Accueil > Actualités > Les éditos du Président > 2025 >
Les gouvernements passent, mais les problèmes demeurent. Ils tendent même à s’aggraver et deviennent, par conséquent, de moins en moins faciles à résoudre. La retraite en est l’un des meilleurs exemples. La France est socialement engluée depuis 2023, voire 2019, en raison de son système de retraite. Si le constat est simple, aucune solution n’est, en revanche, jugée acceptable par une majorité de Français. Les régimes de retraite sont confrontés à un choc démographique : 5 millions de retraités en 1981, 17 millions aujourd’hui, 23 millions d’ici 2070. Dans le même temps, la croissance se dérobe sous nos pieds. L’objectif est de permettre à chacun de vivre le mieux possible les dernières années de sa vie. Jusqu’à présent, notre système de retraite a plutôt bien rempli cette mission. Pour que cela perdure, des ajustements sont nécessaires. Les réformes brutales ne passent plus, car elles sont sources d’injustice et d’incompréhension. Le président Emmanuel Macron a sans doute manqué le coche en 2018 avec son projet de réforme visant à instaurer un grand régime de retraite par points. Le choix d’un système unique, centralisé et bureaucratisé fut sans nul doute une erreur. C’est un gâchis, car un régime par points offre de la souplesse de gestion et une possibilité de personnalisation. De manière incompréhensible, le chef de l’État a abandonné ce grand projet qui fut pourtant l’un de ses engagements de campagne en 2017, soutenu dans son principe par la CFDT. Il reprenait une ancienne promesse de la droite et du centre, formulée dès 1992… pour finalement se rabattre sur un simple report de l’âge de la retraite de 62 à 64 ans, une mesure paramétrique d’un autre temps.

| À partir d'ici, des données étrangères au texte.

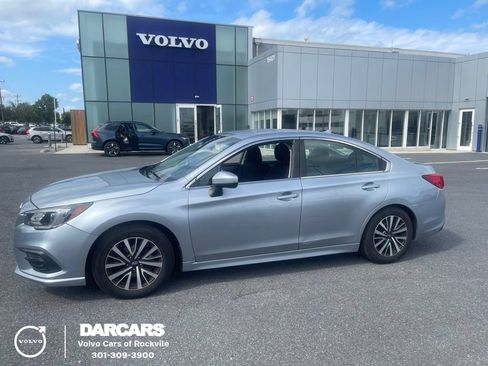 Used 2018 Subaru Legacy 2.5i Premium AWD/4WD image 1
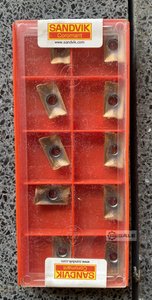 Turn-Round Units SANDVIK Coromant R390-170408M-PM 1030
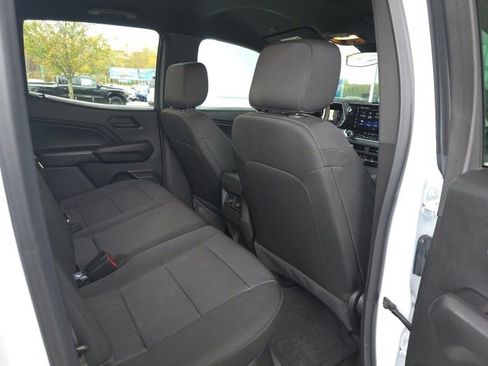 Used 2024 Chevrolet Colorado Trail Boss image 13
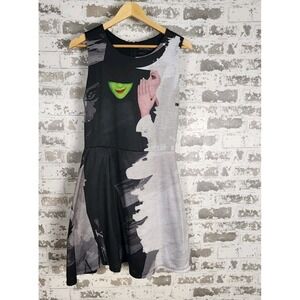 WICKED the Musical Broadway Show Official Dress Size Large Black Front Graphic
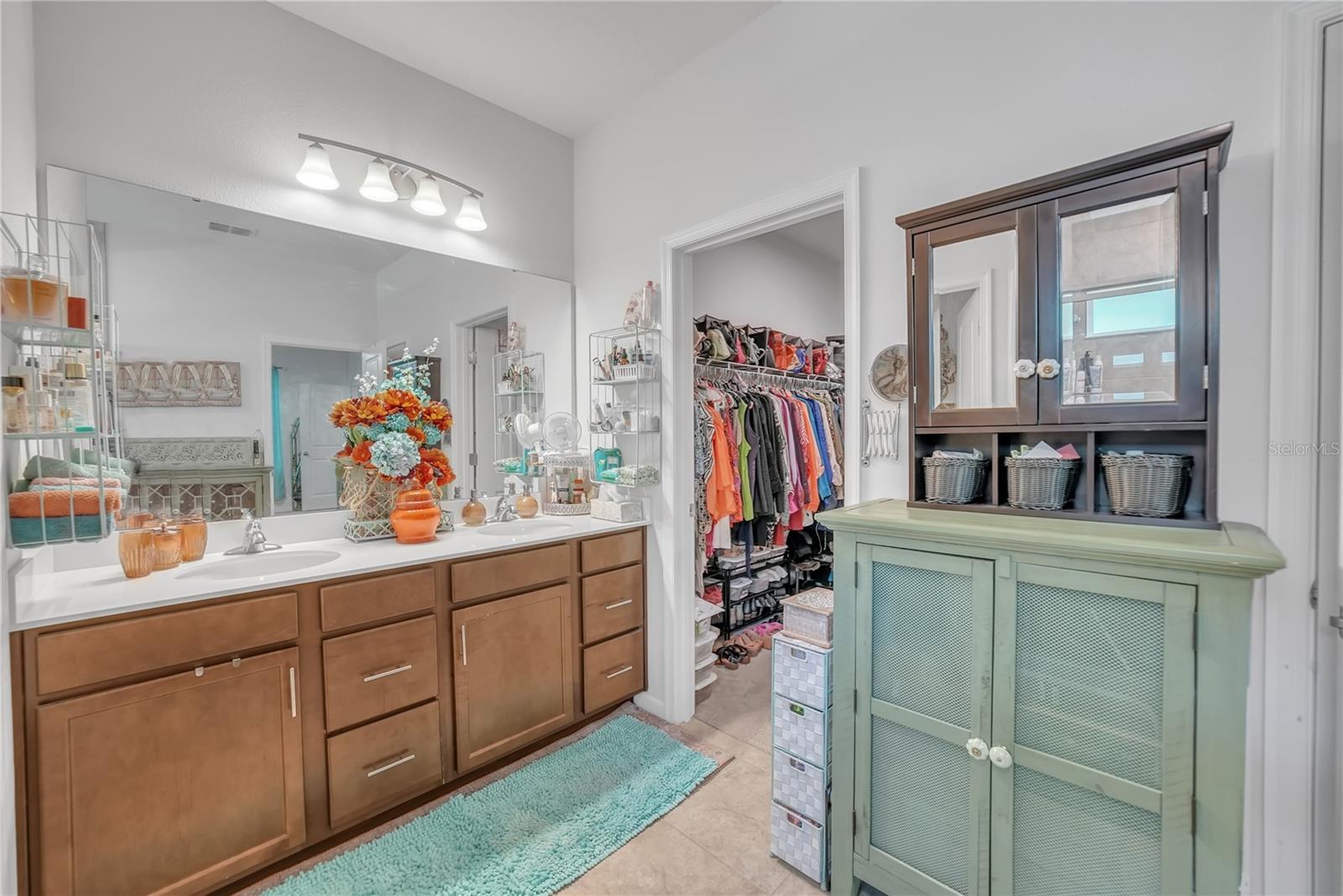 Image 27 of 43 For 289 Siesta Vista Court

Depuis des années, je plaide pour l’abandon de l’âge de la retraite comme couperet, au profit d’une retraite à la carte. L’introduction d’un système actuariel par points, prenant en compte l’espérance de vie après 60 ans, offrirait la possibilité de s’affranchir de l’âge légal. En Suède, en Italie et en Allemagne, un tel système a été adopté. Il permet un pilotage fin des régimes de retraite. Avec les outils numériques actuels, il serait même envisageable de personnaliser les pensions en intégrant l’incidence des métiers exercés au cours d’une carrière sur l’espérance de vie. Une telle personnalisation serait source d’équité.
En 1945, la France a fait le choix du tout-répartition, car c’était alors la solution la moins coûteuse et la plus rapide à mettre en œuvre. L’absence de fonds de pension pénalise aujourd’hui à la fois les retraités et l’économie. Sans effacer totalement les contraintes démographiques, la capitalisation permet de disposer de revenus moins dépendants de la situation de l’économie nationale. Dès 1993, j’ai proposé l’affiliation de tous les actifs à un produit d’épargne retraite. Cette proposition demeure d’actualité : seuls un quart des actifs en bénéficient aujourd’hui.
Au-delà des questions d’âge ou de financement, je suis convaincu que le dossier des retraites relève avant tout des partenaires sociaux. Ne gèrent-ils pas avec efficacité le principal régime de retraite complémentaire, l’AGIRC-ARRCO, qui dispose de plus de 70 milliards d’euros de réserves ? L’étatisation des régimes sociaux a conduit tout à la fois à un blocage complet et à l’accroissement des déficits. À côté du domaine de la loi et du règlement, il faudrait créer un domaine social, protégé constitutionnellement, afin de permettre au dialogue social de s’exprimer sans l’ombre portée de l’exécutif.